I’ve been remiss in not posting about this sooner – but schedules have been such that it was only this weekend that I managed to see Moulin Rouge, the latest show performed by Alma Fushikizoh and Blysse Biondi’s Showgirls. And I wish I’d seen it sooner.
Putting on any live show in Second Life is never easy, as any artist will tell you. A “simple” concert can be prone to a wide variety of problems at the best of times, particularly when Second Life wants to really misbehave and start crashing people. When you’re trying to combine a stage piece with live / streamed music and / or Voice, the issues can frequently be compounded – trying to get everyone moving at the right time, combatting lag, ensuring dances are correctly synced, the music is streaming correctly – it all takes time, patience, understanding and a lot of hard work by the cast and crew.

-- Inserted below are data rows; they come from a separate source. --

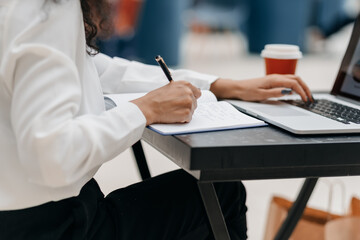 woman using a laptop and taking notes in a notepad .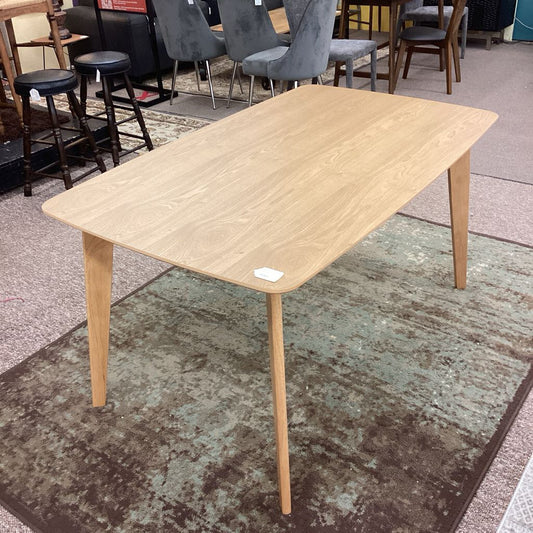 Wooden table on a carpeted floor with chairs in the background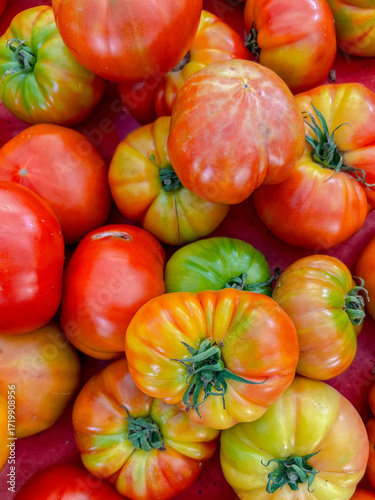 Assorted colorful tomatoes in crates at farmer market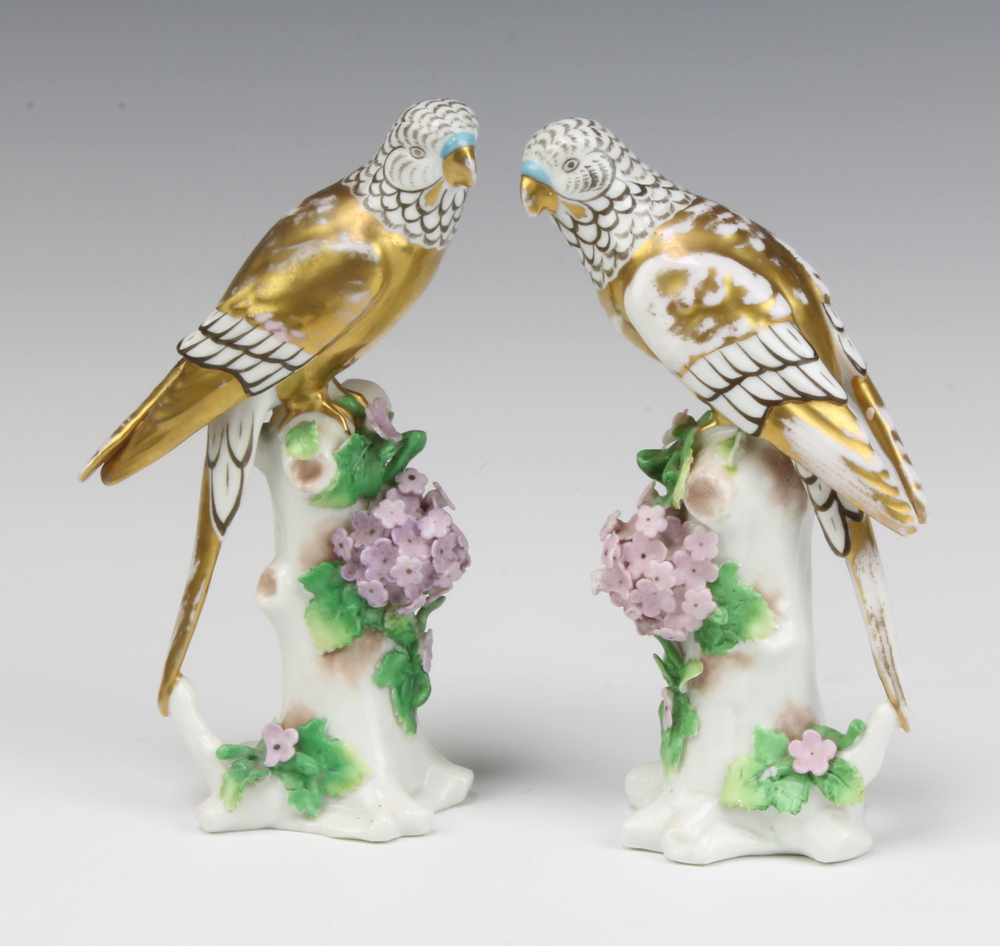 A pair of Sampson figures of budgerigars sitting on floral encrusted tree stumps 17cm Both have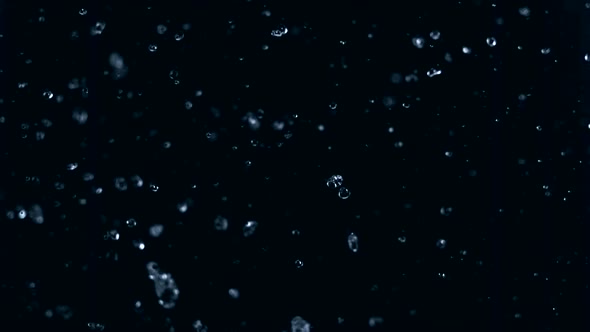 Slow-motion rain size droplets against black drop shooting with high speed camera, phantom flex.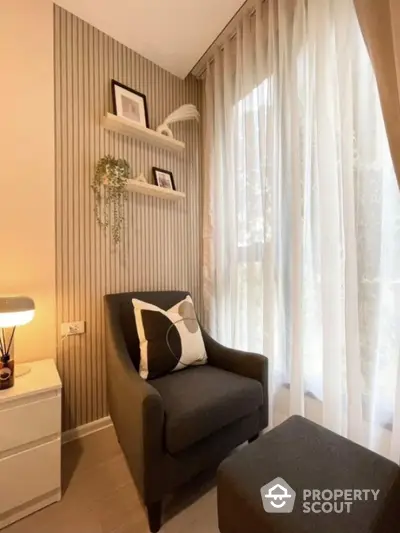 Cozy reading nook with armchair and natural light in modern apartment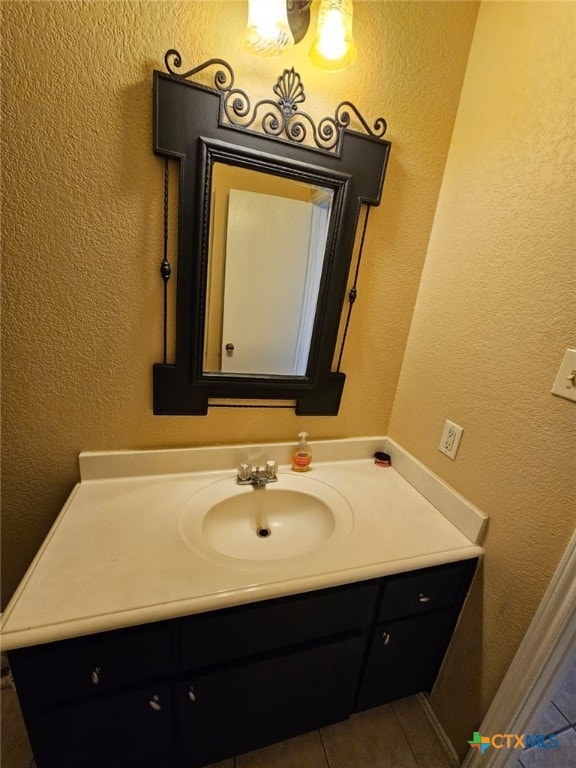 bathroom with tile patterned flooring and vanity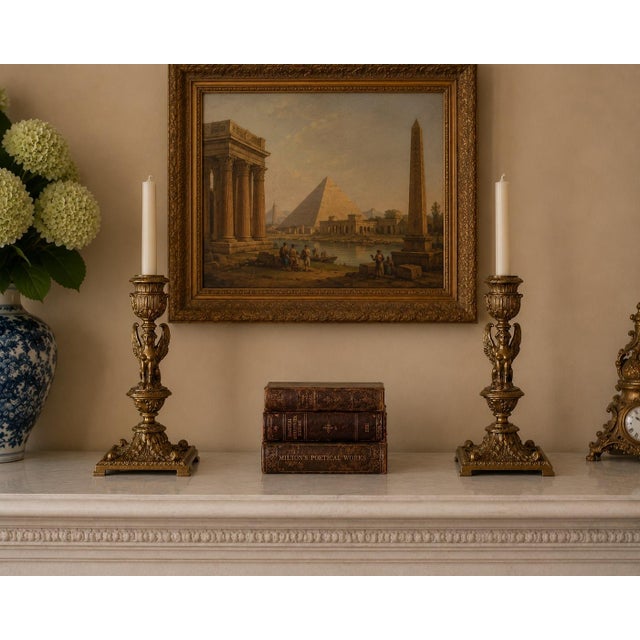 A striking matched pair of late-19th-century Egyptian Revival candlesticks cast in richly detailed gilt bronze. Each...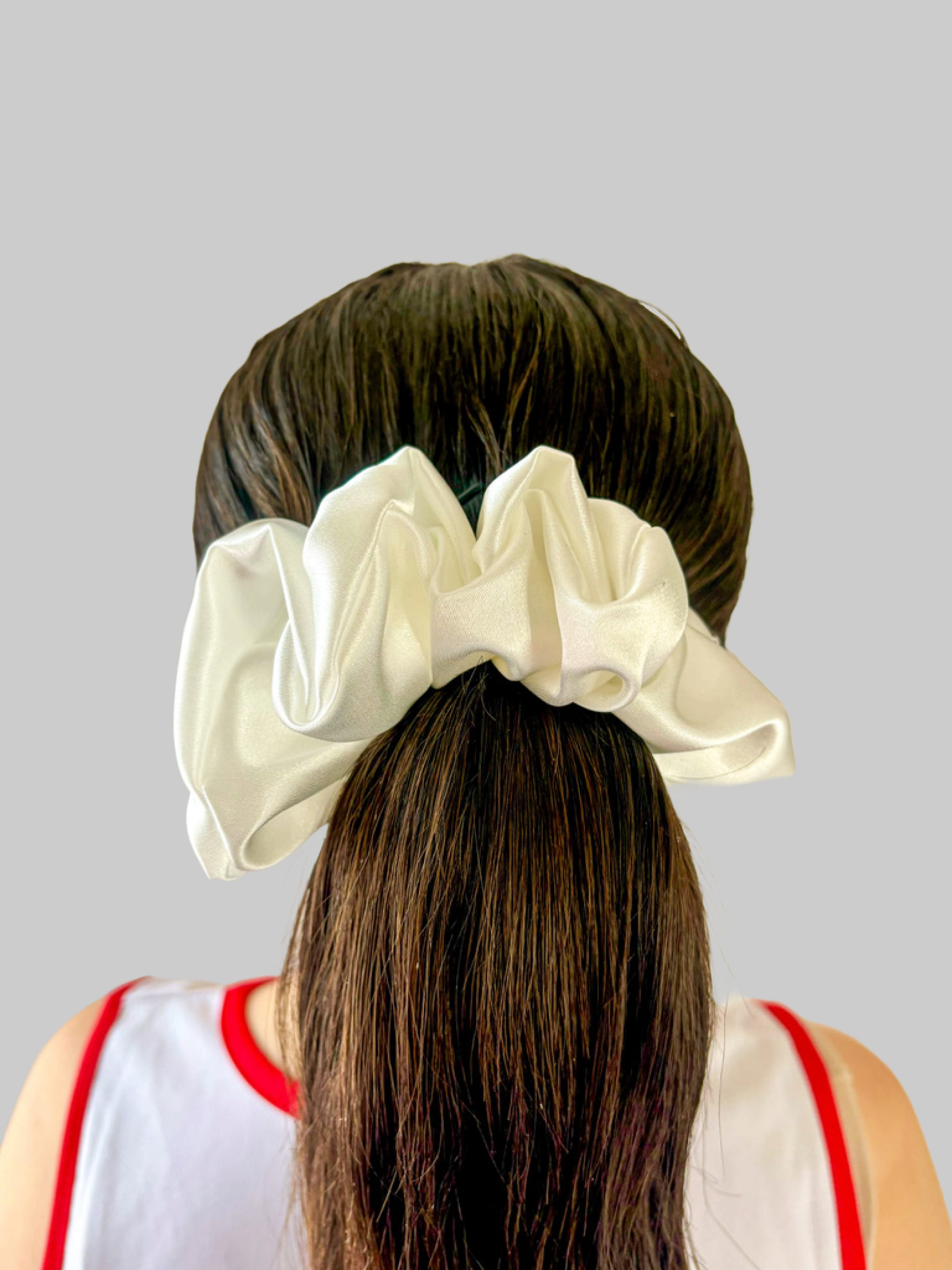 Back of a woman with long, brown hair tied with a large white satin bow, wearing a white sports jersey with red trim.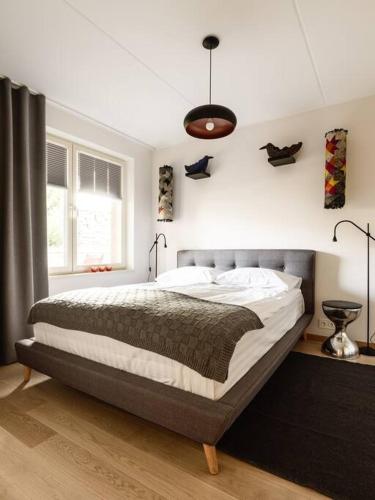 a bedroom with a large bed in a room at W Apartments Torupilli, terrace, green yard, parking in Tallinn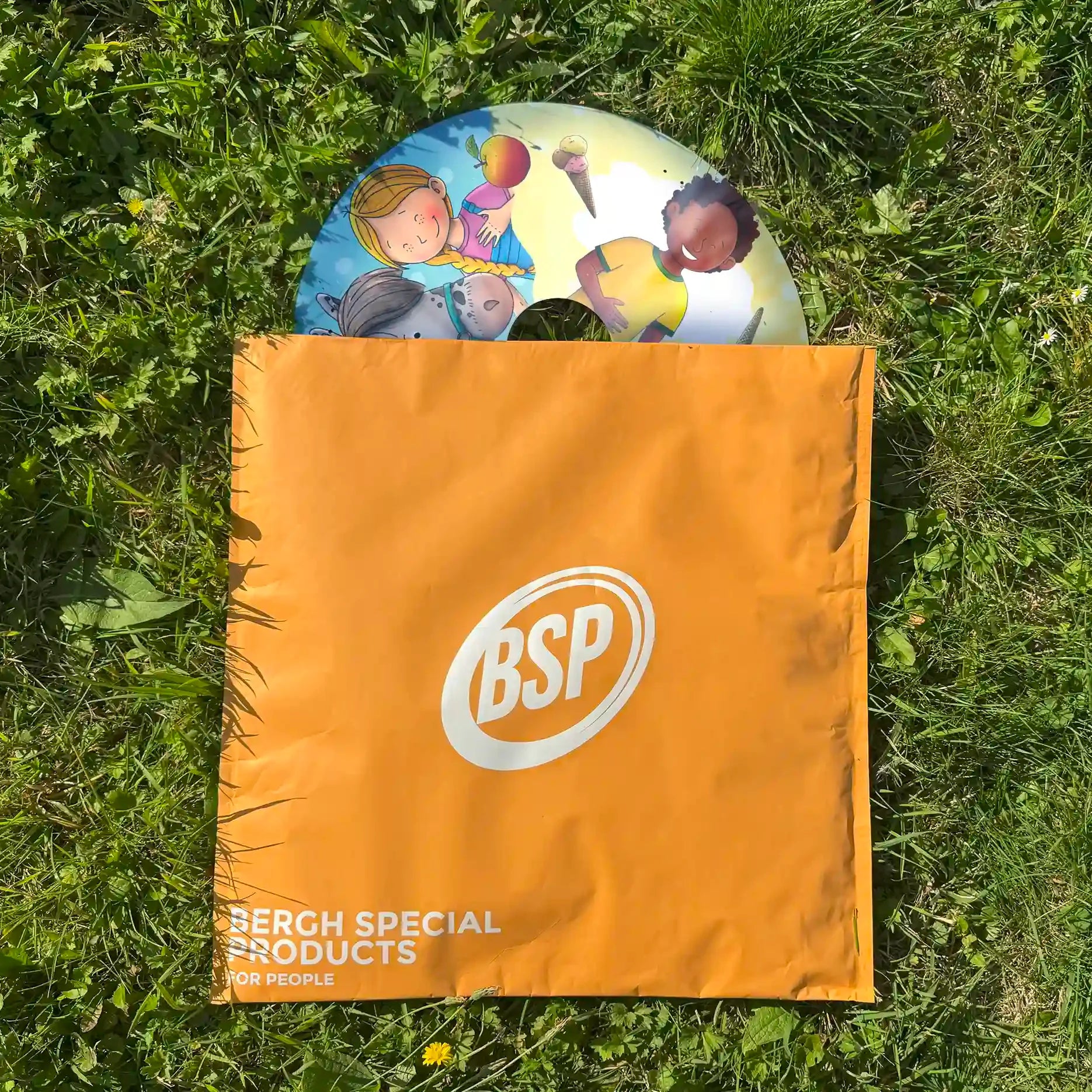 Colorful wheelchair spoke guard with children and pony illustration, partially in orange BSP bag on grass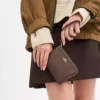 Muñequera COACH
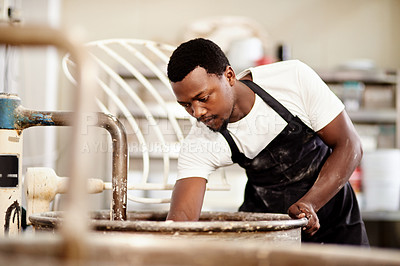 Buy stock photo Cropped shot of a young man working in a bakery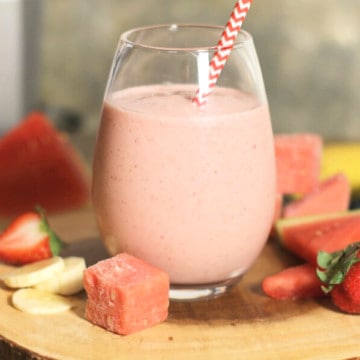 A glass of creamy strawberry banana smoothie on a wooden board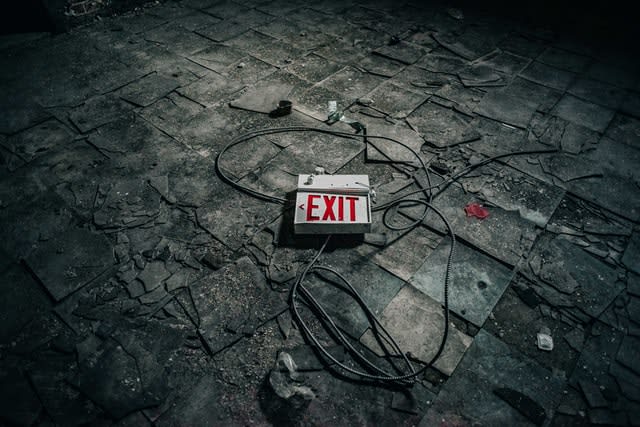Exit sign laying in rubble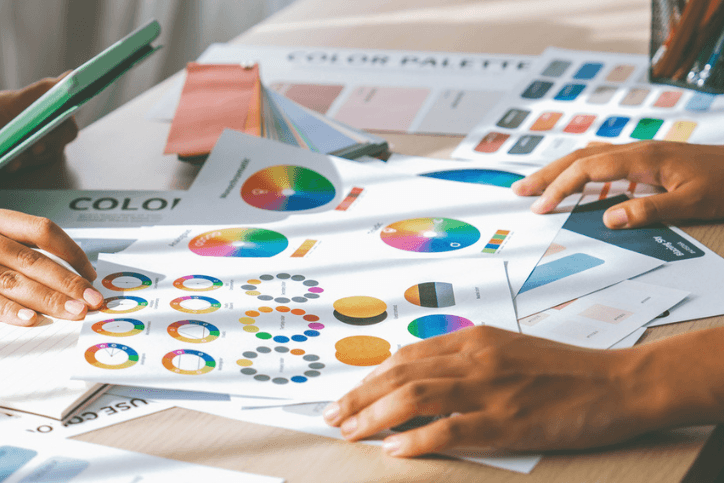 Person holds tablet while selects color from color wheel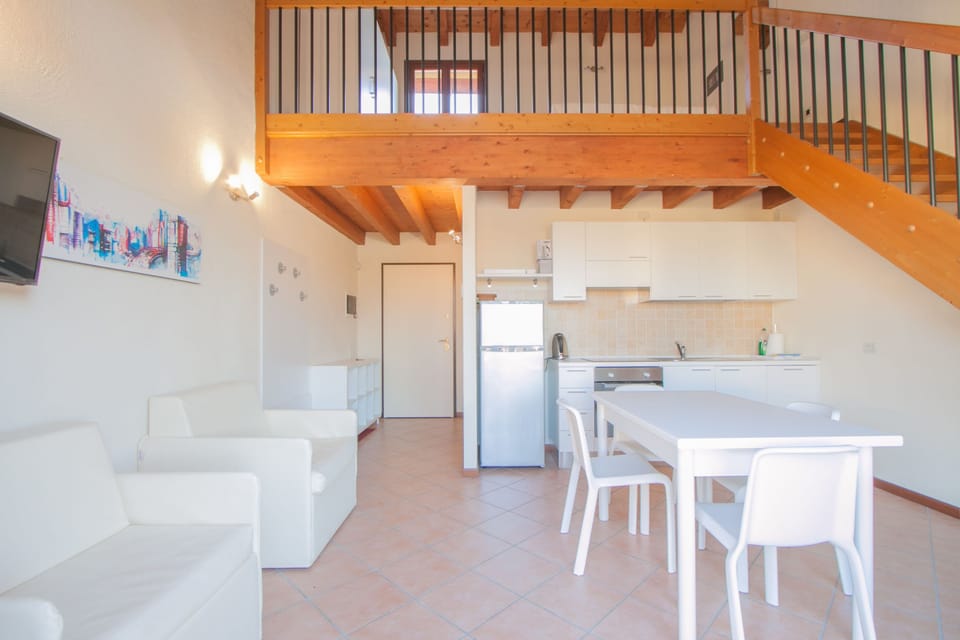 Deluxe Studio, Terrace, Pool View | Down comforters, individually decorated, individually furnished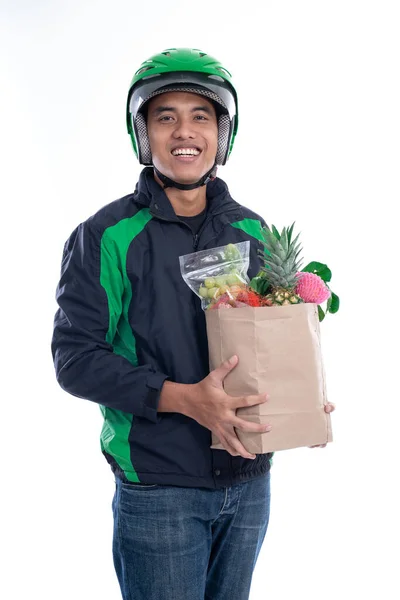 Online driver courier carrying groceries — Stock Photo, Image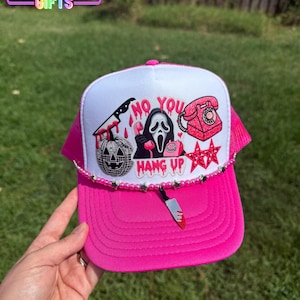 May include: A bright pink and white trucker hat featuring a graphic print of a ghost mask, a disco ball pumpkin, a pink rotary phone, and a knife with the text NO YOU HANG UP. The hat is adorned with a pink beaded trim and a small knife charm.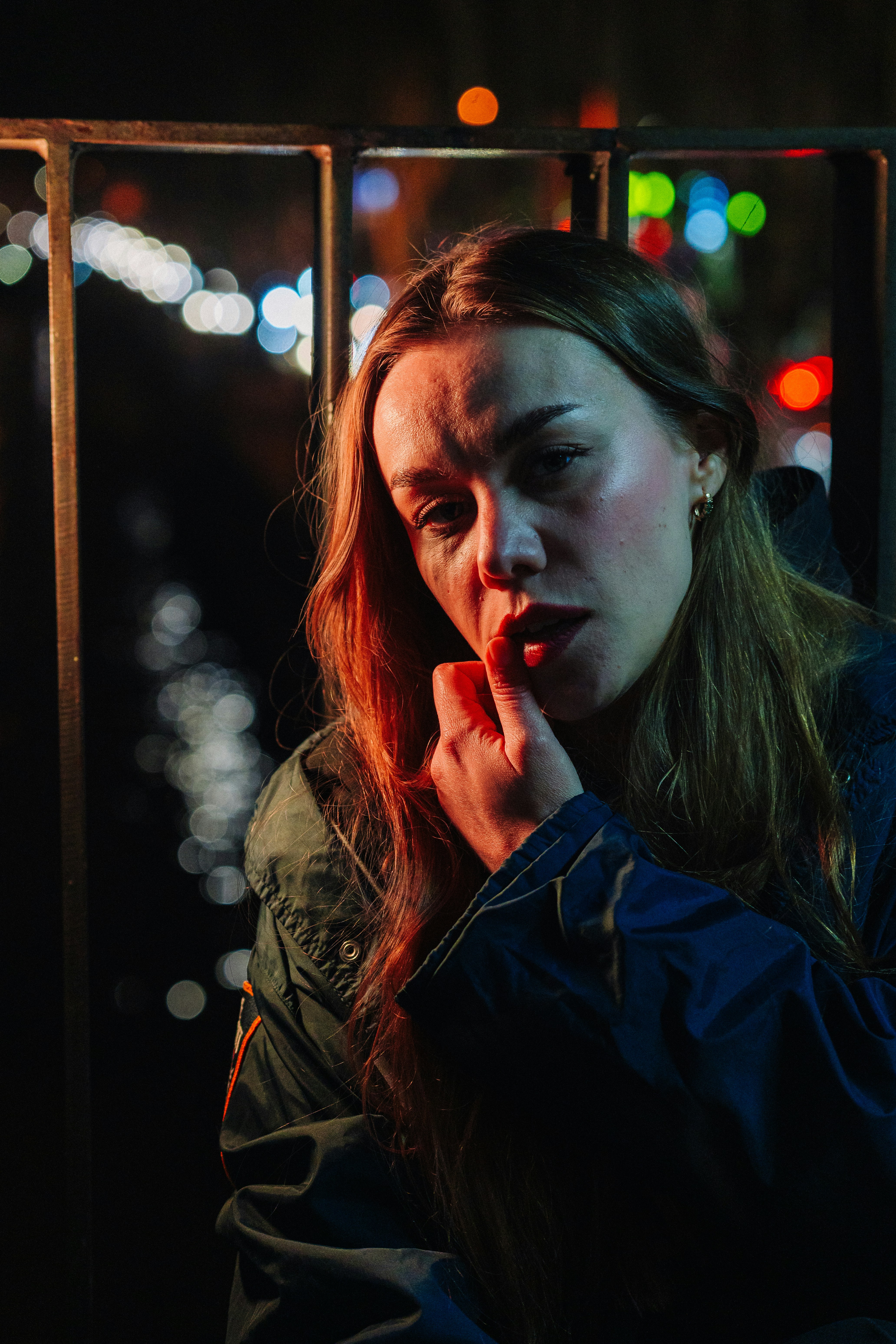 Woman with finger on lips in dim light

As such, Moulin Rouge – which is probably best described as a dance interpretation of key songs and scenes from Baz Luhrmann’s 2001 version of the film Moulin Rouge! which featured Nicole Kidman, Ewan McGregor and John Leguizamo – is a daring undertaking.
Conceived by Blysse Biondi, directed by Alma Fushikizoh, and produced by Alma, Blysse and Ayesha Lytton, and with choreography by Alma and Dixie Barbosa (animations), the show currently runs through until the 24th of March, with performances on Saturday and Sunday nights commencing at 18:00 SLT at the Balboa Theatre in San Diego – and it really is worth seeing.
With a cast of ten, and dance numbers of significant complexity – performers being both synced to one another and to the music while at times performing entirely separate dance sequences to one another – Moulin Rouge really does need to be seen, rather than described. The stage sets themselves are both original and familiar, encompassing both the famous red windmill of Le Moulin Rouge itself, as well as representing the interior of the great cabaret club in a reflection of scenes from Luhrmann’s movie.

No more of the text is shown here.